The Northwest airport was designated the first rest case to reduce fuel consumption in 2010 and the first phase started rolling out for real in the spring of 2013.
Alaska Airlines says it's saved $2.2 million dollars in fuel costs mostly by avoiding the traditional "stair-stepped" procedure involving descending, leveling off burning fuel, descending again all the way to the runway. Now the procedure allows Alaska and other airlines to avoid the stair steps and basically coast to a safe landing with the engines essentially at idle.
The second part has been slower to implement. Alaska and other carriers could use Required Navigational Performance (RNP) to shave 17 miles off the distance involved in landing using a sophisticated suite of instruments.
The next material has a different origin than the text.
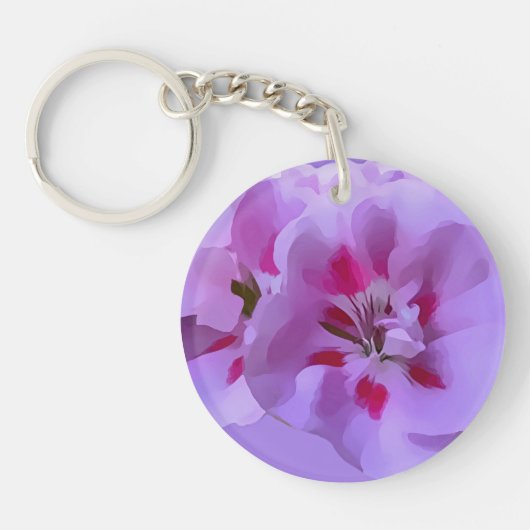 抽象的な藤色のハイビスカスの花 キーホルダー (正面)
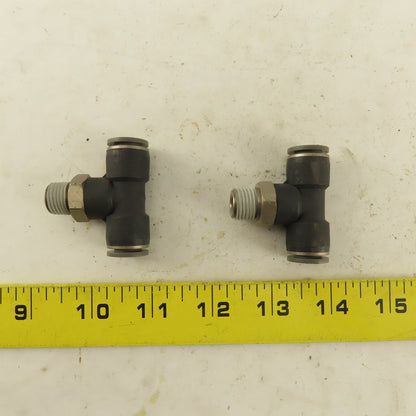 3/8" Push To Connect Tube X 1/4" NPT Branch Tee Fitting Stainless Steel Lot Of 2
The RNP approaches are used around the country, especially in Alaska where bad weather and mountains can make flying hazardous. But so far, the airline is only allowed to use the approach procedure known as HAWKZ in good weather. If that approach can be used more widely, the airline contends that fuel savings could top 1.3 million gallons, or 44 gallons of jet fuel per flight, with a carbon dioxide reduction equivalent of taking 4,100 cars off the roads.